__Exercise requirements__
Keep the images out and set the listing below down word for word.

__Recorded information__
☆ ☆ ☆ ☆ ☆

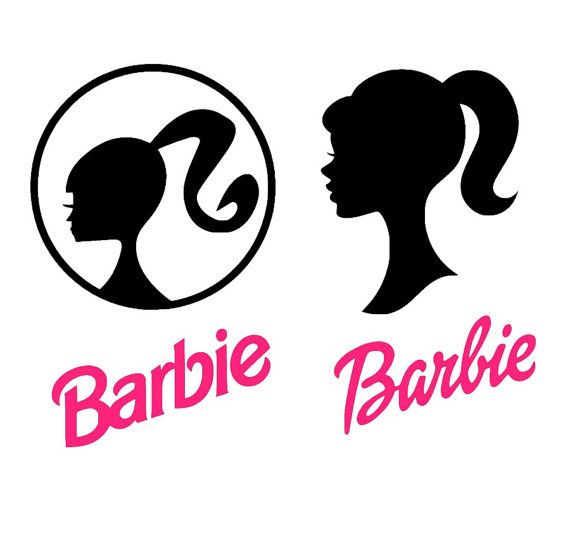 Barbie clipart stencil, Barbie stencil Transparent FREE for download on
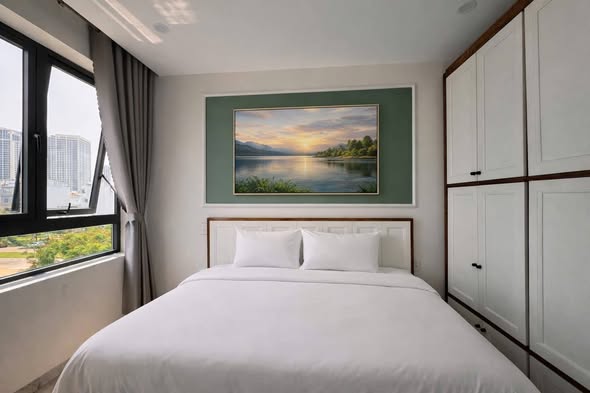 Modern 1-Bedroom Apartment with Dual Balconies in Son Tra — photo 5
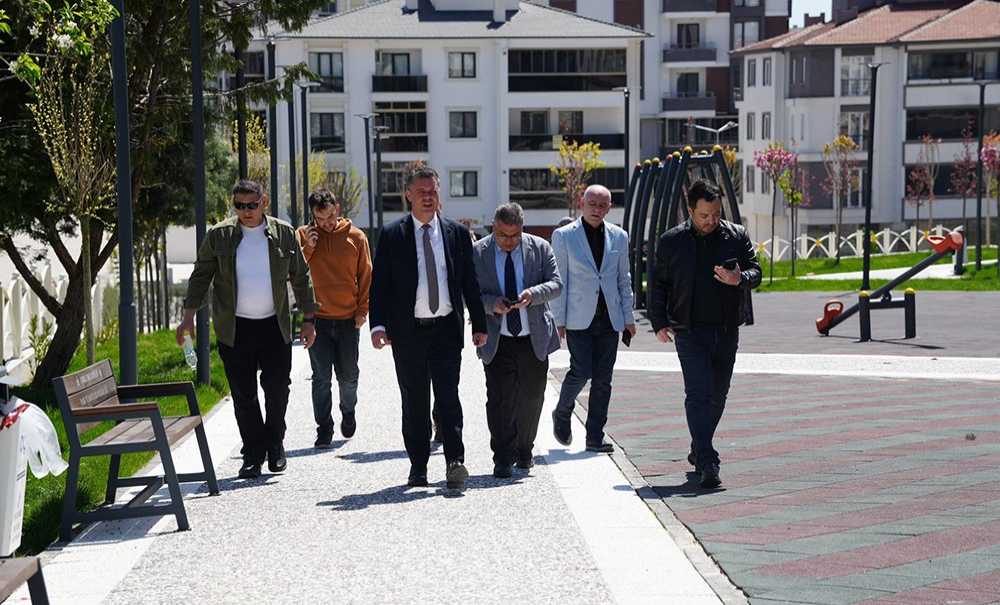 Ferdi Zeyrek Parkının Açılışına Sayılı Gün Kaldı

☆ ☆ ☆ ☆ ☆

__Task solution__
 Barbie clipart stencil, Barbie stencil Transparent FREE for download on
 Modern 1-Bedroom Apartment with Dual Balconies in Son Tra — photo 5
 Ferdi Zeyrek Parkının Açılışına Sayılı Gün Kaldı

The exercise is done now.